Well, the bold is the important part there.
Whether something can run at 100 FPS, 200 FPS or 500 FPS is pretty irrelevant in my mind if I'm going to be running it lower than any of those. Screen tearing is an undesirable thing to some people, and having to have your hardware run unnecessarily higher because of behavior like this also is. Of course, all else being equal, higher potential performance would always be better yes, but that's the problem here; all else isn't equal. Namely, at a lower frame rate (and with v-sync), chunk rendering is drastically slowed, and this is a particular problem with vanilla versions before 1.8. Performance isn't a monolith and it is far more than frame rates alone, even if those are part of it. Looking at things in a vacuum isn't too helpful. The definition I'd give performance is how quickly the game serves the content you request of it. Meaning, if I have a given render distance set, and it takes the game XX seconds instead of X seconds to finish serving that amount of content up, then it is simply performing (in that regard) many times slower. The frame rate remaining at many hundred of FPS in that meantime doesn't change that (in a way, I'd say it could be seen as worse because it comes off to me as "I obviously have a lot of performance to spare so why are you dragging your feet so much on finishing this" feeling).
This factor (chunk rendering speed) might not be an issue to you, with your style of play or where the render distance and your rate of travel is typically lower, but not being important to you personally doesn't erase it as being a factor of performance. When you play at higher render distances and with more/faster traveling (and with v-sync), that is when this comes into importance a lot more.

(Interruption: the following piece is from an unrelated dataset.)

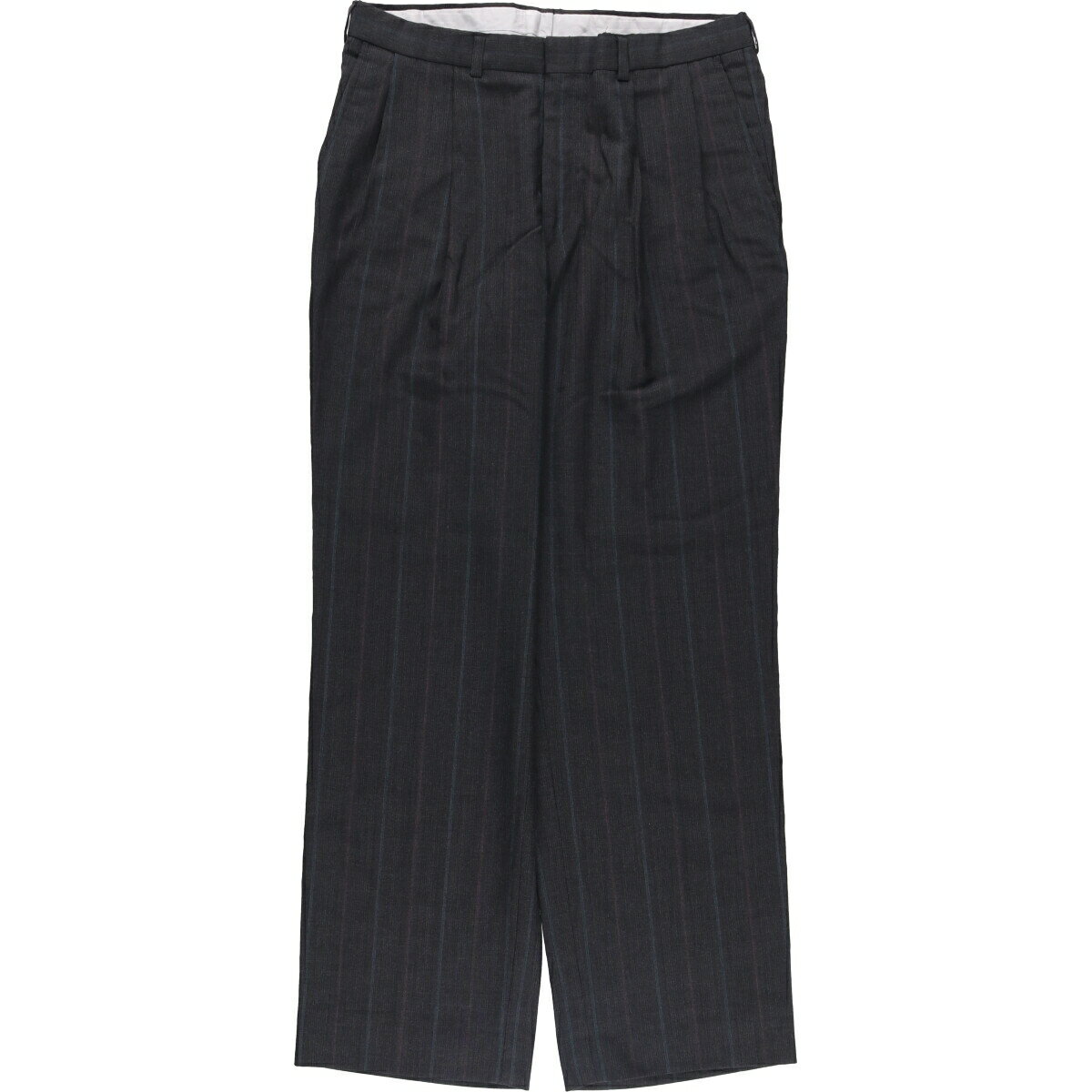 樂天商城 - 古着 80~90'S タウンクラフト TOWN CRAFT ストライプ柄 ツータック スラックスパンツ USA製 メンズw34相当 ヴィンテージ /eaa586916 【中古】 【251009】 【SS2603_10】 グレー系 春夏秋冬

Unfortunately, by time you have suggested this to me, I was already partially into my world. If I had known of it beforehand, I may have tried it, but it's also a lot more effort for me to get mods for these older versions set up (and yes, I typically look for mods that don't change the game content as much, but this sounds like it might have changed so little that maybe I would have tried it). As I said earlier in the thread though, I was not expecting to encounter so many issues and bugs with these older versions until after I had done so. They blindsided me.
I would like to consider trying TMCW some day (and I mean the full thing), and I mentioned this to you before but you sort of often ignore me, but due to my unwillingness to put a ton of effort in (including switching entire PCs...) for a version of the game I won't stick with, it's been pretty low on my list of things. Again, the older versions of the game (which TMCW, despite its changes, is based on) don't always age well on some PCs and with some use cases, and that happens to be the case for me unfortunately. Otherwise, I'd probably be doing a whole lot more of playing some older versions, even if I ultimately prefer recent versions.